RabbitMQ allows to set per-queue message TTLs that will make the server not deliver messages that have lived in the queue longer than the defined per-queue TTL. Moreover, the server will attempt to expire or dead-letter those messages as soon as it can.

This works great when you have data that is only relevant to producers if it arrives on time. –If your data can't be dropped, but you still want the queues to remain as empty as possible, then see below, the section on "dead lettering".

There are two ways to setup Queue TTLs, one if by passing some extra arguments during queue.declare like this:

Map<String, Object> args = new HashMap<String, Object>();
args.put("x-message-ttl", 60000);
channel.queueDeclare("myqueue", false, false, false, args);

The previous code will tell RabbitMQ to expire messages on the queue myqueue after 60 seconds.

The same could be set up by adding a policy to our queue:

rabbitmqctl set_policy TTL ".*" '{"message-ttl":60000}' --apply-to queues

This policy will match all the queues in the the default virtual host, and will make the messages expire after 60 seconds. Note that the Windows command is a bit different. Of course you can make that policy match only one queue. More details about it here: Parameters and Policies.

What if we want more fine grained control over which messages are getting expired?

Per-Message TTL

RabbitMQ also supports setting per-message TTLs. We can set the TTL on a message by setting the expiration field on a basic.publish method call. As in the previous case, the value should be expressed in milliseconds.

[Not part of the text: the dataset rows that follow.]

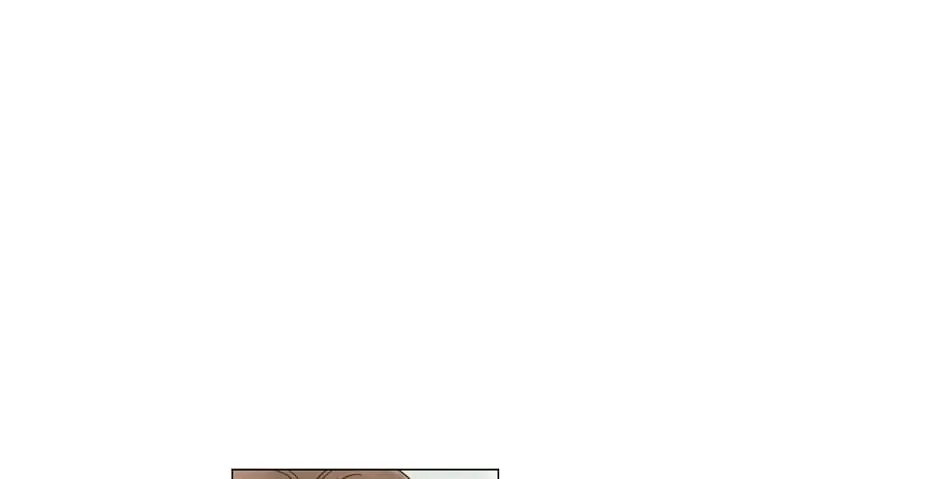 Read Back to Work! chapter 126 image 71 on Lezhin
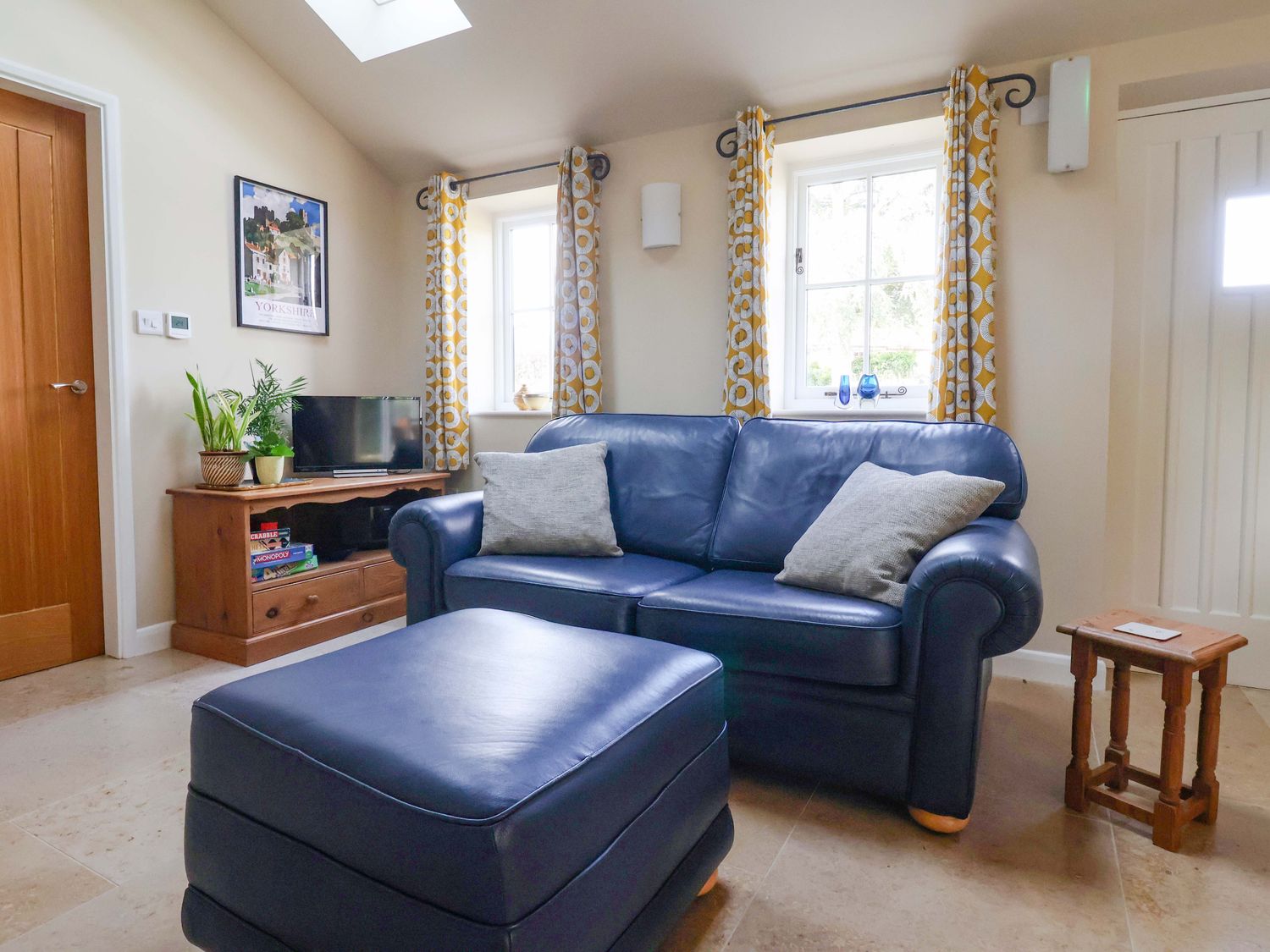 Apple Tree Cottage — photo 7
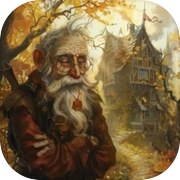 王老头的幸福庄园icon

The following code will publish a message that will expire after 60 seconds:

byte[] messageBodyBytes = "Hello, world!".getBytes();
AMQP.BasicProperties properties = new AMQP.BasicProperties();
properties.setExpiration("60000");
channel.basicPublish("my-exchange", "routing-key", properties, messageBodyBytes);

If we combine per-message TTL with per-queue TTL, then the shortest TTL will prevail. RabbitMQ will ensure a consumer will never receive expired messages, but in the case of per-message-ttl, until those messages reach the head of the queue, they won't be expired.

Queue TTL

With RabbitMQ we can also let the complete queue expire, that is, get deleted by RabbitMQ after it's been unused for certain amount of time. Let's say we set up to expire our queues after one hour. If during an hour, there are no consumers on that queue, no basic.get commands have been issued or the queue hasn't been redeclared, then RabbitMQ will consider it unused and it will delete it.

You might want to use this feature if for example you create queues for your users when they are online, but after 15 minutes of inactivity you want to delete those queues. Think of a chat application that keeps a queue per connected user. You could have declared an auto_delete queue that will go away as soon as the user closes the channel, but while that might be useful for some scenarios, what happens if the user actually got disconnected because they are in a mobile network where connection quality is low? Certainly you don't want to delete all their messages a soon as they are disconnected. With this feature you could let those queues live a little longer.

Here's how to set a 15 minutes queue expiration using the Java Client:

Map<String, Object> args = new HashMap<String, Object>();
args.put("x-expires", 900000);
channel.queueDeclare("myqueue", false, false, false, args);

And via a policy:

rabbitmqctl set_policy expiry ".*" '{"expires":900000}' --apply-to queues

Queue Length Limit

If we want that our queues don't get more messages than certain threshold, we can configure that via the x-max-length argument when we declare the queue. This is rather neat and simply way to control capacity; if our queue reaches the threshold and a new message arrives, then messages that are at the front of the queue, –older messages–, will be dropped, making room for the newly arrived messages. One of the reasons for this behaviour is that old messages are probably irrelevant for your application, so new ones are let into the queues.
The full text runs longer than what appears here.